◆ ACTION ITEM ◆
The data below contains pictures, which are to be skipped; the lines starting at the line with "Cairo Egypt. View" and ending at the line with "Asian-style salad with" are to be output exactly, both ends included.

[Captioned web image data]
━━━━━━
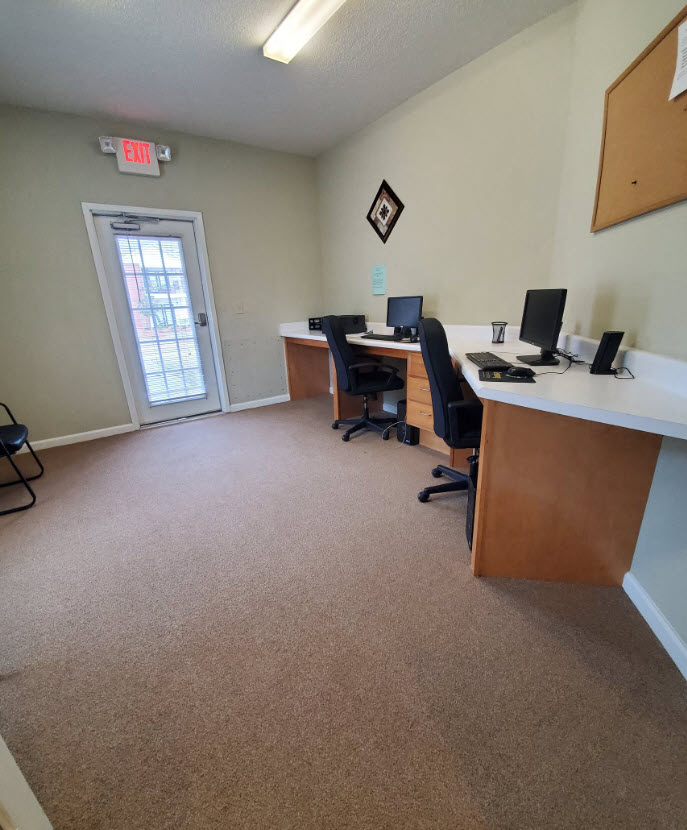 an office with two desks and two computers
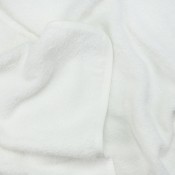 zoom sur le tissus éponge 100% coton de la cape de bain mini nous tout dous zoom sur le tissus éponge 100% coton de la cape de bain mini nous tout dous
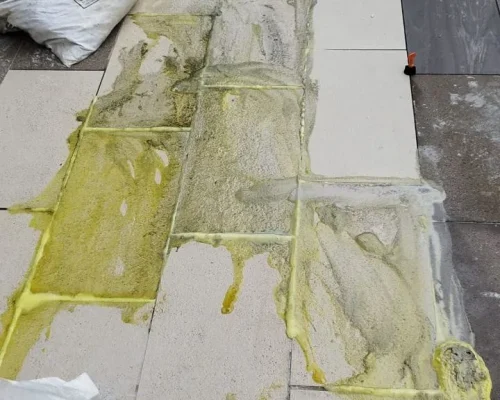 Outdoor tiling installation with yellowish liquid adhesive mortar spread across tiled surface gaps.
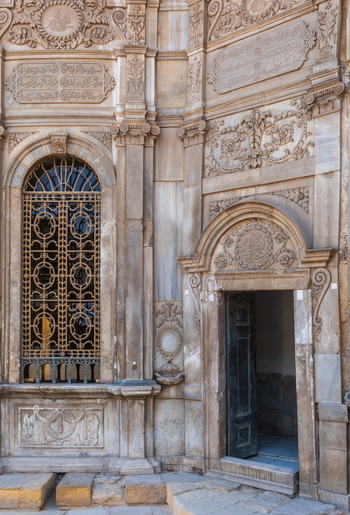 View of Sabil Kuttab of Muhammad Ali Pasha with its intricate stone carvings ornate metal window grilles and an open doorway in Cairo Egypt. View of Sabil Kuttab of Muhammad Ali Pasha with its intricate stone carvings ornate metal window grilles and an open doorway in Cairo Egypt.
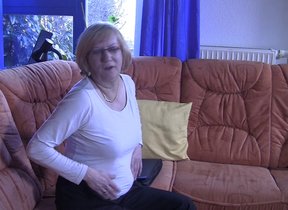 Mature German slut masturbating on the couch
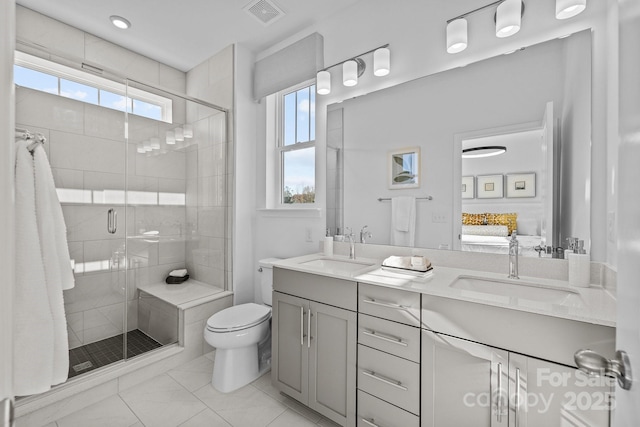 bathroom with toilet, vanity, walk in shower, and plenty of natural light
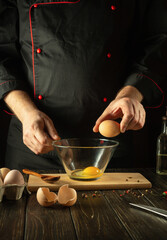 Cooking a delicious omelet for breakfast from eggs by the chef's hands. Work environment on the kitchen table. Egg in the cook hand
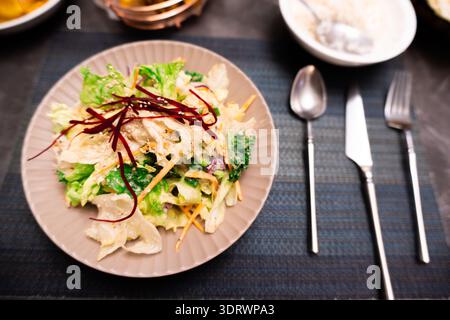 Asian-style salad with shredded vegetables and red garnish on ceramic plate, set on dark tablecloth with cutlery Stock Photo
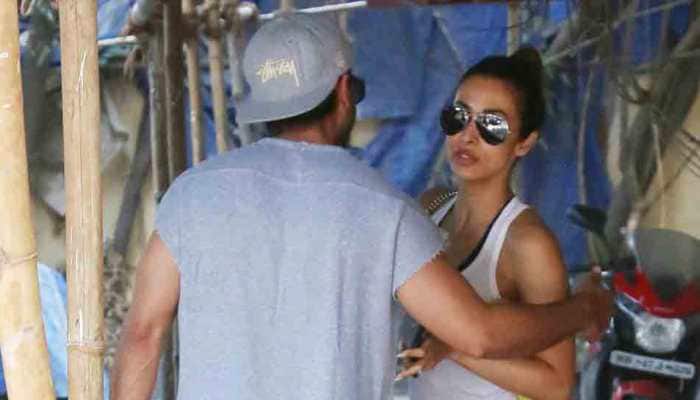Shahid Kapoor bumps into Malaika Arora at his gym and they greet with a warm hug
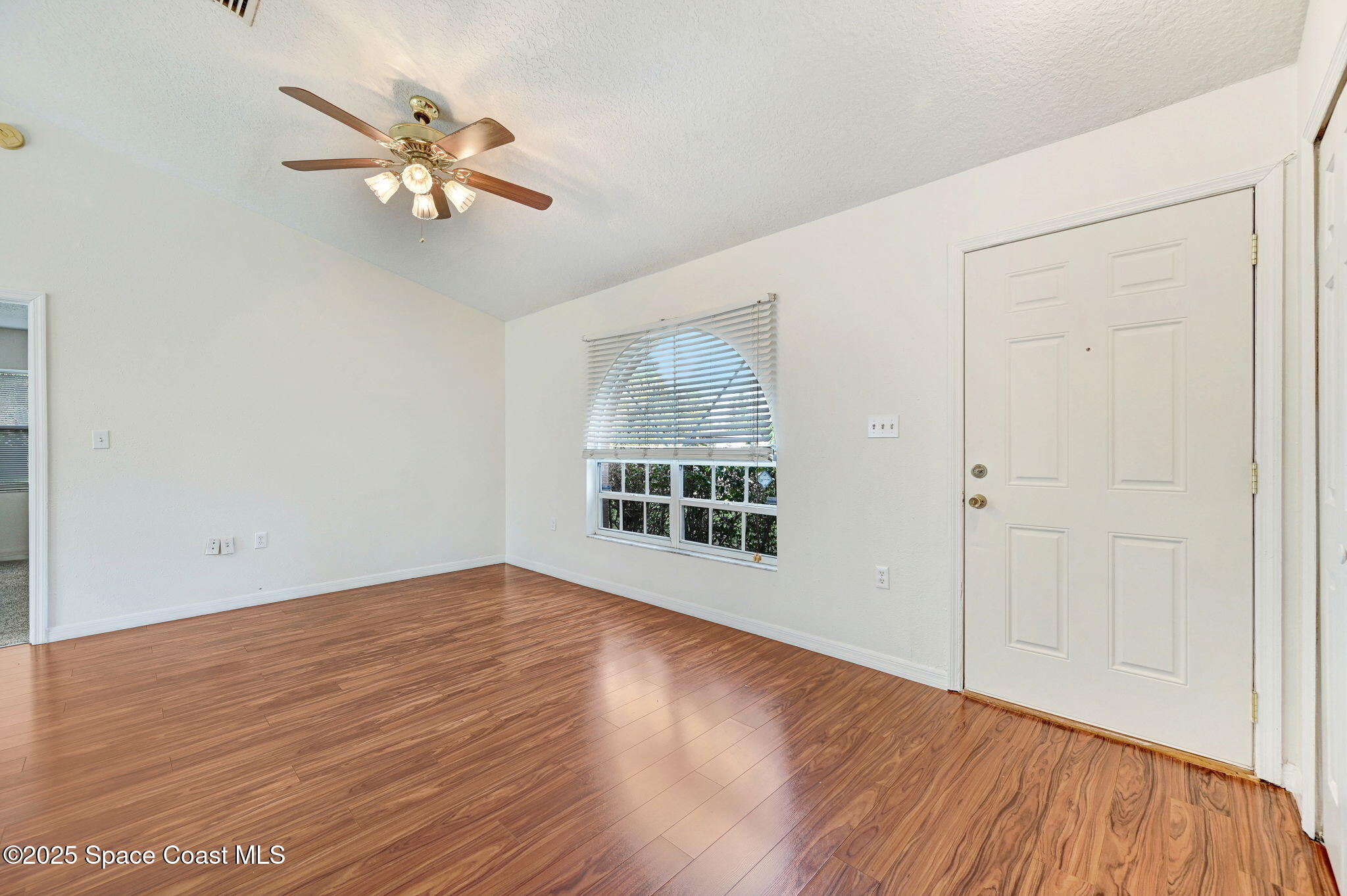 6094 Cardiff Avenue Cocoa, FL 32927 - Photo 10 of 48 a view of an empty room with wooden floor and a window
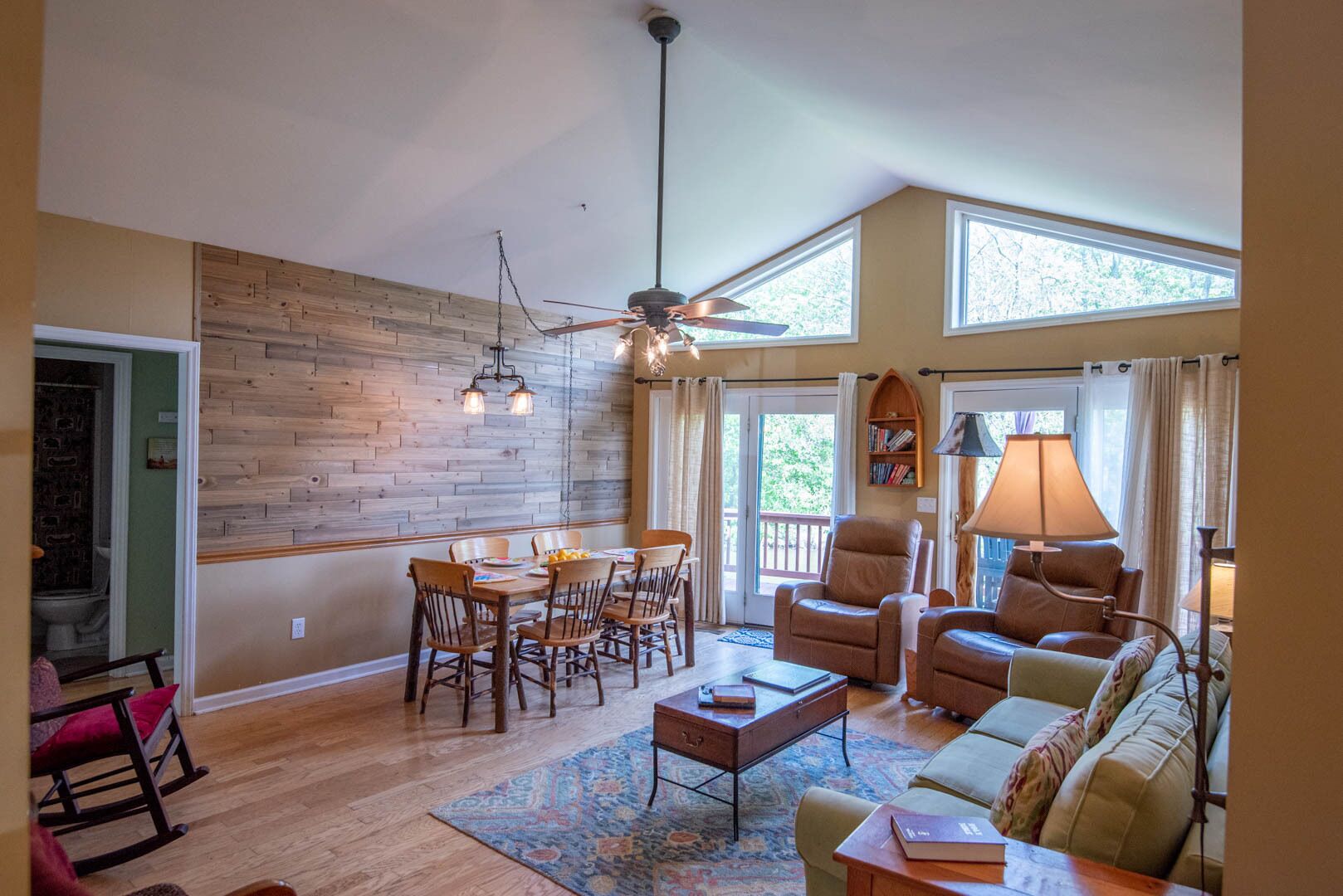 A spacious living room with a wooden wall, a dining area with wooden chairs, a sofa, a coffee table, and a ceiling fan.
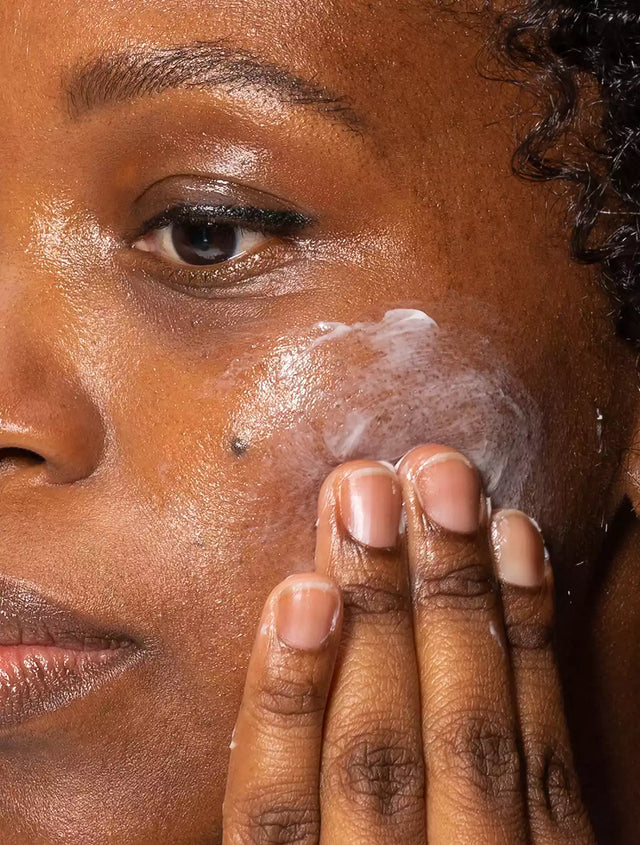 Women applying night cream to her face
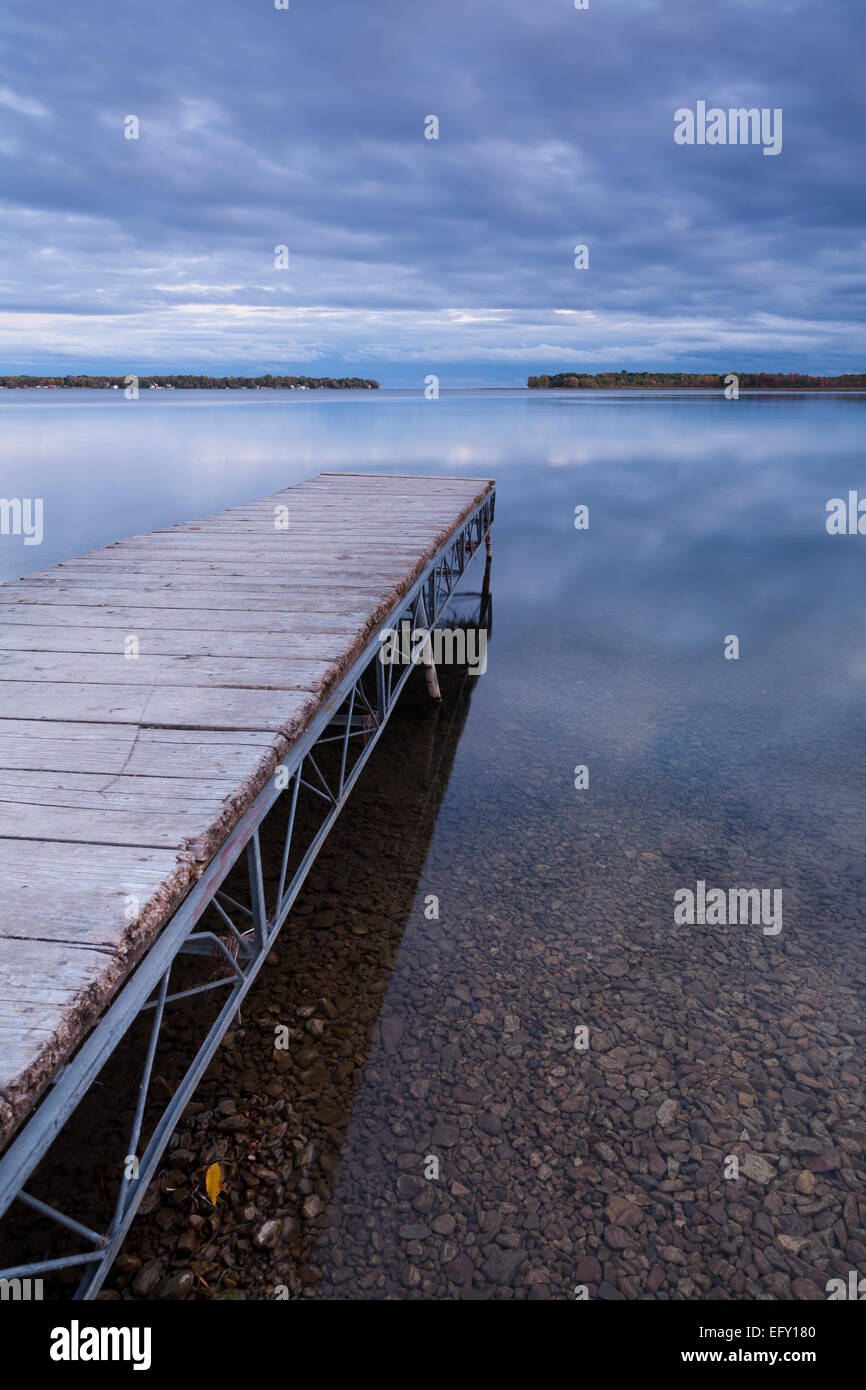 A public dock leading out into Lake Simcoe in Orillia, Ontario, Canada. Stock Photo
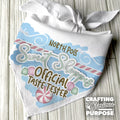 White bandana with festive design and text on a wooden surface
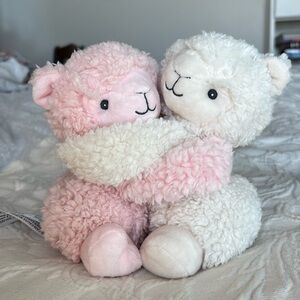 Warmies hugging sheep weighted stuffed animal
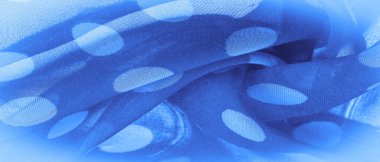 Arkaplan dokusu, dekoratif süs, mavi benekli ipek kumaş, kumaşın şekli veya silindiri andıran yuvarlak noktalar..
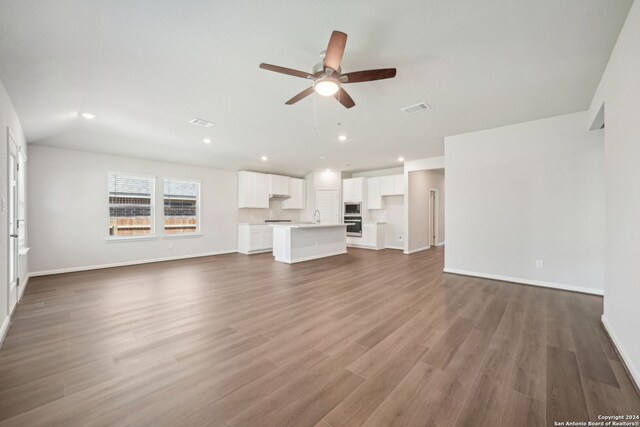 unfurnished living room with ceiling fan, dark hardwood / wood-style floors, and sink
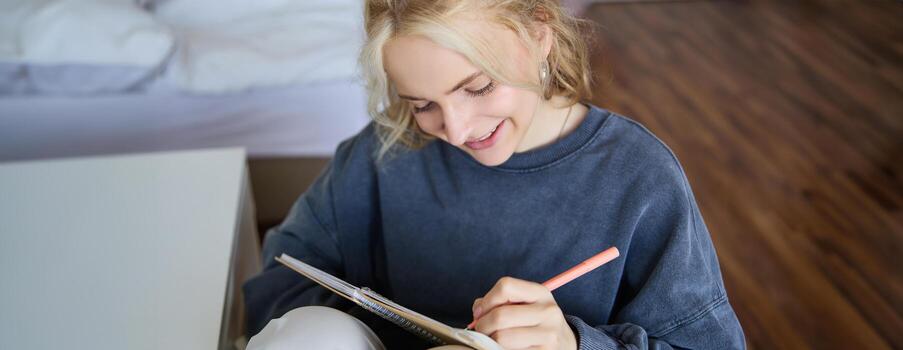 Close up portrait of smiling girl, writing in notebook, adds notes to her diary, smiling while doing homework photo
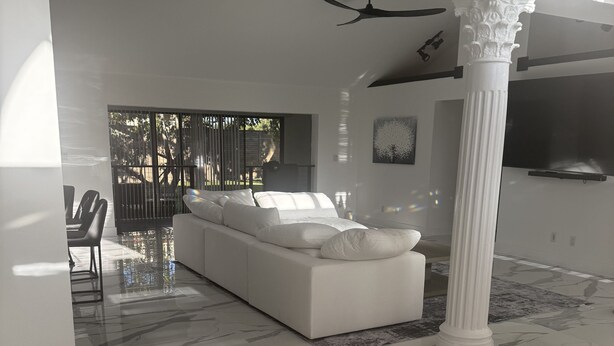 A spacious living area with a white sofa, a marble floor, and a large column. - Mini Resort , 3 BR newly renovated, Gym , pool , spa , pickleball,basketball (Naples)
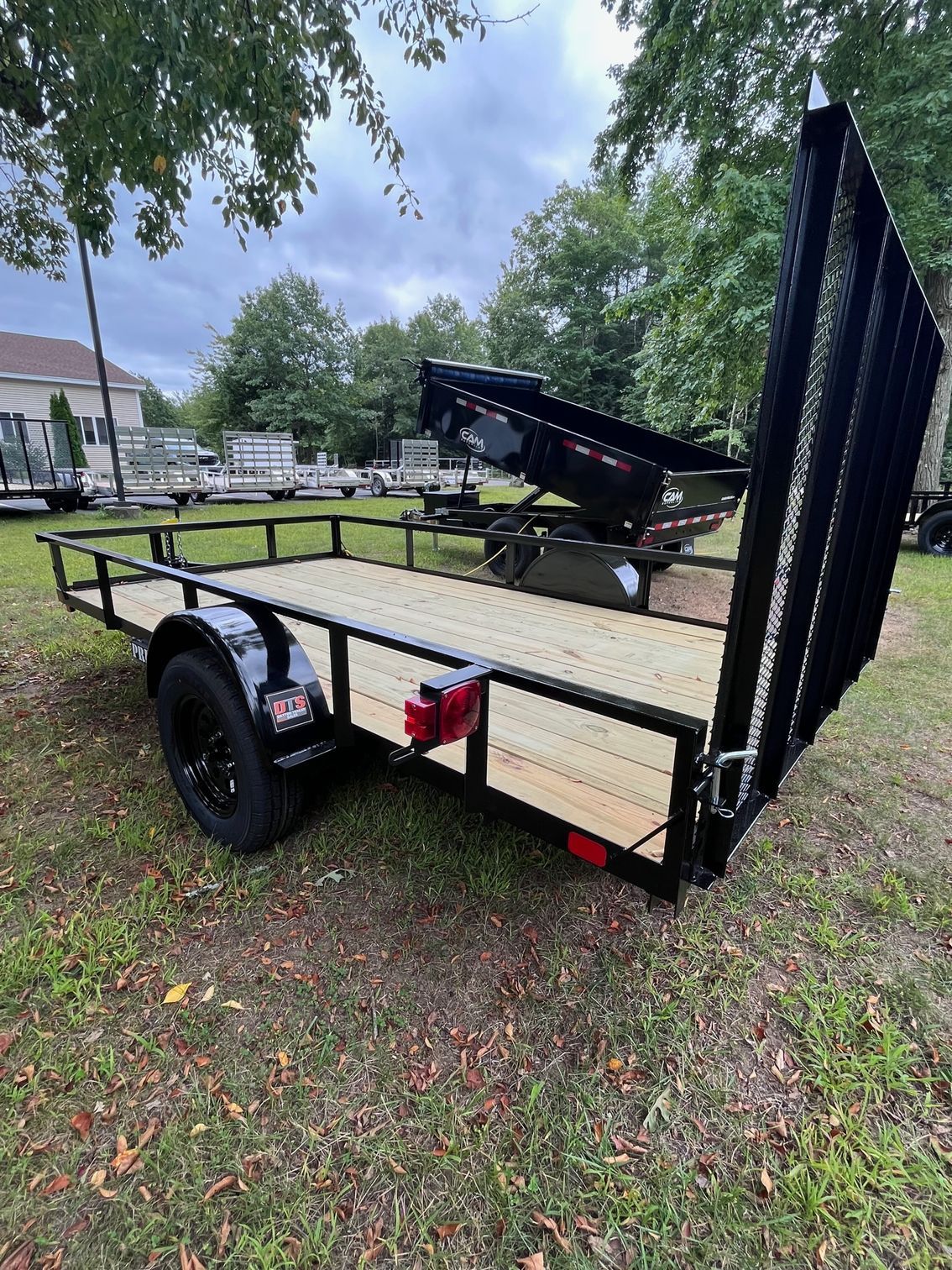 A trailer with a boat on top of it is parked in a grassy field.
━━━━━━
◆ COMPLETED EXERCISE ◆
 View of Sabil Kuttab of Muhammad Ali Pasha with its intricate stone carvings ornate metal window grilles and an open doorway in Cairo Egypt. View of Sabil Kuttab of Muhammad Ali Pasha with its intricate stone carvings ornate metal window grilles and an open doorway in Cairo Egypt.
 Mature German slut masturbating on the couch
 bathroom with toilet, vanity, walk in shower, and plenty of natural light
 Cooking a delicious omelet for breakfast from eggs by the chef's hands. Work environment on the kitchen table. Egg in the cook hand
 Asian-style salad with shredded vegetables and red garnish on ceramic plate, set on dark tablecloth with cutlery Stock Photo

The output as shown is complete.